# thanks for the guide!



## cyberbri (Apr 27, 2006)

I just wanted to say thanks for the great guide on setting up and using the BFD. The manual that comes with the hardware would have been hard to decipher with regards to how to use the hardware to eq a sub. 

I was able to get great results last night. First I got the 1/6 octave response flat to 80dB from 90Hz to 35Hz, plus rising in volume below 35dB down to 20Hz (receiver balance set to RIGHT and right speaker unplugged). Then I ran the LFE channel bass sweep in Avia over and over and tweaked my BFD settings. I was able to get it to stay within the 79-82dB range for most of the sweep, with only a few Hz here and there jumping/dipping outside that range. This is after a dip around 56Hz and 3 rather large, round spikes.

So, thanks for having the guide available. It really helped. :hail: 

I will probably be setting up REW soon and experimenting with that (and/or the trial of TrueRTA), just to see how it all works.


----------



## cyberbri (Apr 27, 2006)

Just two questions.

I didn't set the level in bypass mode at the beginning, since I didn't want to blast WoTW at that time. Is setting the level just putting it in bypass mode, making sure you're not sending too much voltage to the unit, and then just adjusting the gain on the sub itself afterwards to get the right level?
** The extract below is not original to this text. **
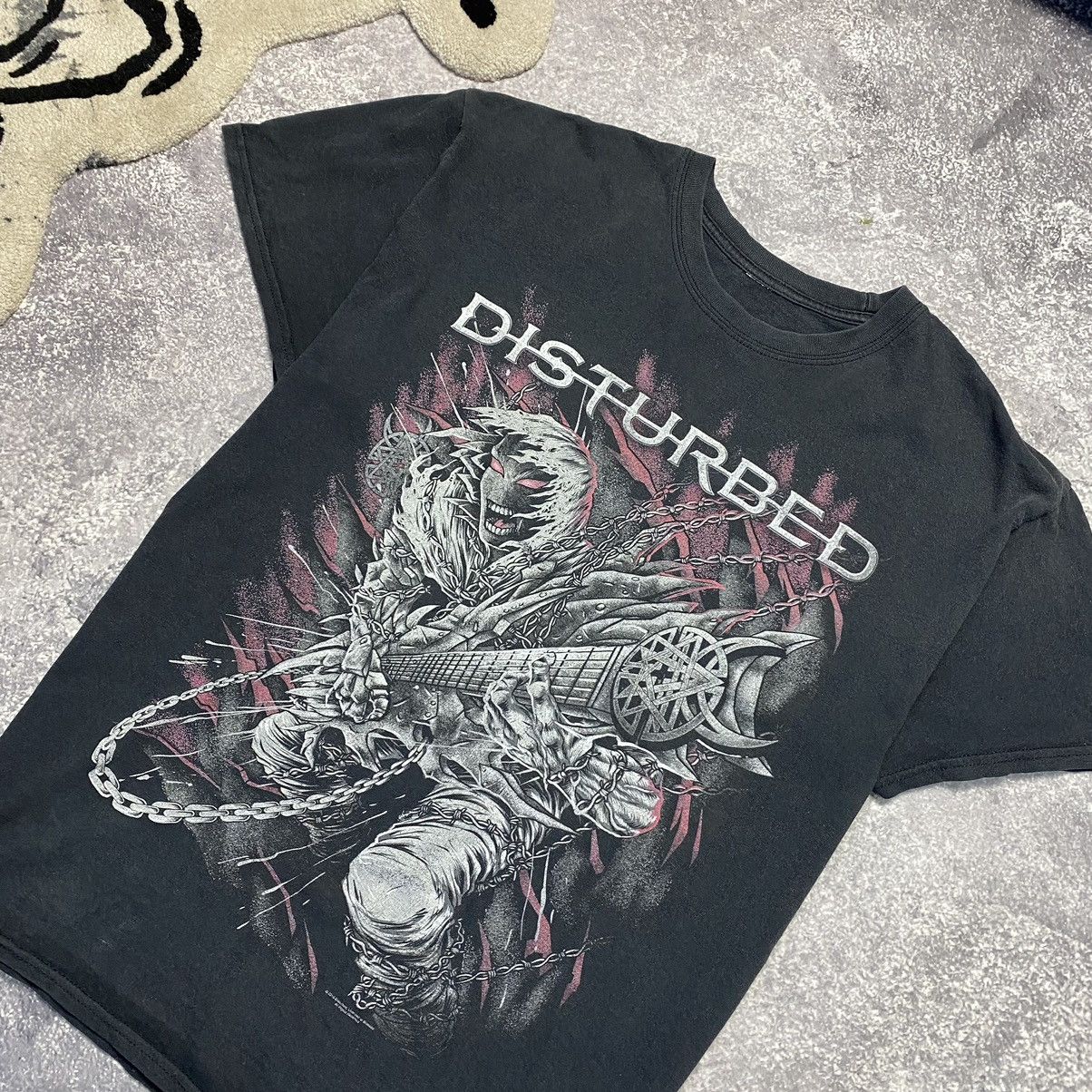 Band Tees × Vintage Vintage Disturbed 2016 Big Graphic logo rare rock band tee Size US M / EU 48-50 / 2 - 2 Thumbnail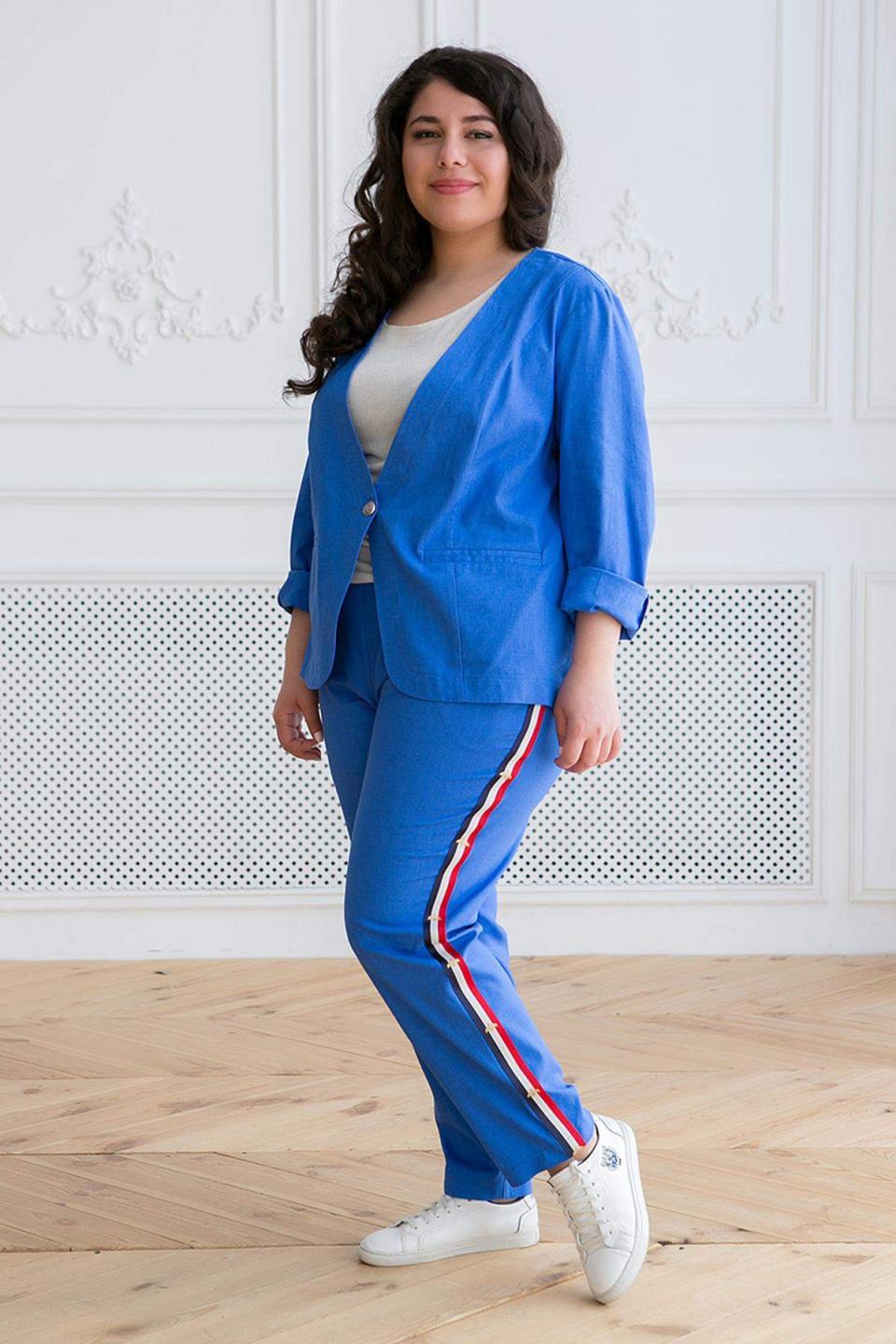 

Льняний костюм Tatiana КОРІН 6XL електричний синій колір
Also, I had the switch on the back in the 4 position, not the -10, while I did all my testing. That's not going to have an effect on the levels or performance, is it? IIRC, the Avia sweeps seemed to be fine when I ran them after remembering to push in the switch.


----------



## Sonnie (Apr 11, 2006)

Hey Bri... glad the guide helped.

You are correct on the level setting and I don't see a problem with the switch either.


----------